マチルダ 禁断の恋 : 映画評論・批評
2018年12月4日更新
2018年12月8日よりヒューマントラストシネマ有楽町、新宿武蔵野館、YEBISU GARDEN CINEMAほかにてロードショー
帝政の理不尽に戦いを挑むマチルダは、まるでチュチュを纏ったファムファタール!
ロマノフ王朝第14代目にして最後のロシア皇帝、ニコライ2世と人気バレリーナ、マチルダの許されぬ恋を、現ロシア映画界が絢爛たるセットと衣装を総動員して描く。とにかく、ゴージャスな美術は目を疑うほどだ。例えば、緑に囲まれた皇帝一族の避暑地、エカテリーナ宮殿は本物がまるごと撮影に貸し出されているし、黄金に縁取りされた扉が眩しいサンクトペテルブルクの宮殿や、バレエの殿堂として栄えたボリショイ劇場やマリインスキー劇場の内部も、本物と見紛うほど精密に再現されている。皇族のデコルテやバレエのチュチュ(中に電球のようなものがいっぱい埋め込まれている)等、すべての衣装に要した生地は実に17トンに及び、そこから7000着の衣装が作られたとか。改めて、ロシア人の美意識には感服するばかりだ。
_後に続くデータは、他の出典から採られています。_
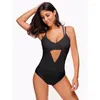 Kvinnors badkläder Bikini 2024 Sexig liten Black Chest Push-up Lace Jacquard Blus Swimsuit 2 Piece Set Bathing Suit Women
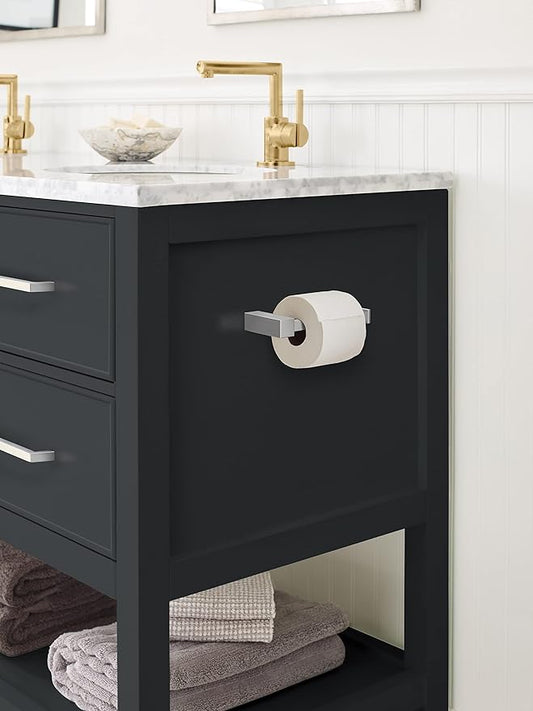 Amerock BH3608126 | Chrome Single Post Toilet Paper Holder | 5-7/8 in. (149 mm) Length Toilet Tissue Holder | Monument | Bath Tissue Holder | Bathroom Hardware | Bath Accessories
ところが、語られる物語自体はシャンデリアの下で展開するエロティックな不倫ドラマのような乗り。帝政時代に於いては、バレリーナは男性貴族たちにとってはセックスシンボル的な存在で、ある日、舞台で突発事故により胸をはだけたままフェッテを舞うマチルダに一目惚れしたニコライ2世は、いきなり楽屋に乱入して求愛。以来、2人は度々逢瀬を重ね、やがて、それは帝政の未来を考える上で懸念材料になる。
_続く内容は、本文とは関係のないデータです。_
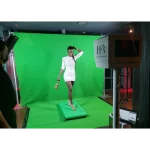 virtual catwalk photobooth sleeks low-profile treadmill combined with professional studio LED lighting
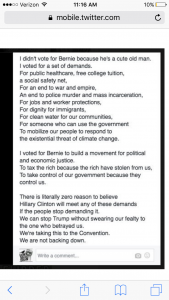 Seth Rich manifesto from his now confirmed Twitter account. The last paragraph! : conspiracy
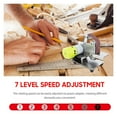 thumbnail image 3 of Belt Sander Electric Sanding Grinding Machine 7 Variable Speed Polishing Machine Cutter Edges Sharpener For Wood Acrylic Metal ,Wide Use, 3 of 7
注目すべきは、マチルダを男性の愛と欲望と歴史に翻弄された悲劇のヒロインとして描いてない点。彼女はニコライ2世の父親アレクサンドル2世をもその魅力で一目で虜にし、自分を排除しようとする貴族社会やバレエ界を相手取り、無謀にも敢然と戦いを挑んでいくのだ。血筋によって人間が区別される帝政の理不尽を、王位継承者であるニコライ2世の愛を元手に覆そうとするそのアグレッシブな姿は、小気味よくて痛快。まるでチュチュを纏ったファムファタールのようだ。
クライマックスを彩る豪華絢爛なニコラス2世の結婚式と戴冠式の外では、式典を祝うために集まって来た民衆が、記念の品を奪い合って乱闘になるシーンが挿入されている。それは、明らかにやがて訪れるロシア革命を予感させるものだ。その後も、連邦崩壊、市場経済ヘの移行、そして、プーチン時代と、様々な時代と価値観の変化を体験してきたロシア人に対して、自由奔放に生き抜いたマチルダの物語は、彼らを鼓舞する力があるのではないか? 見終わってそんな感想を持った。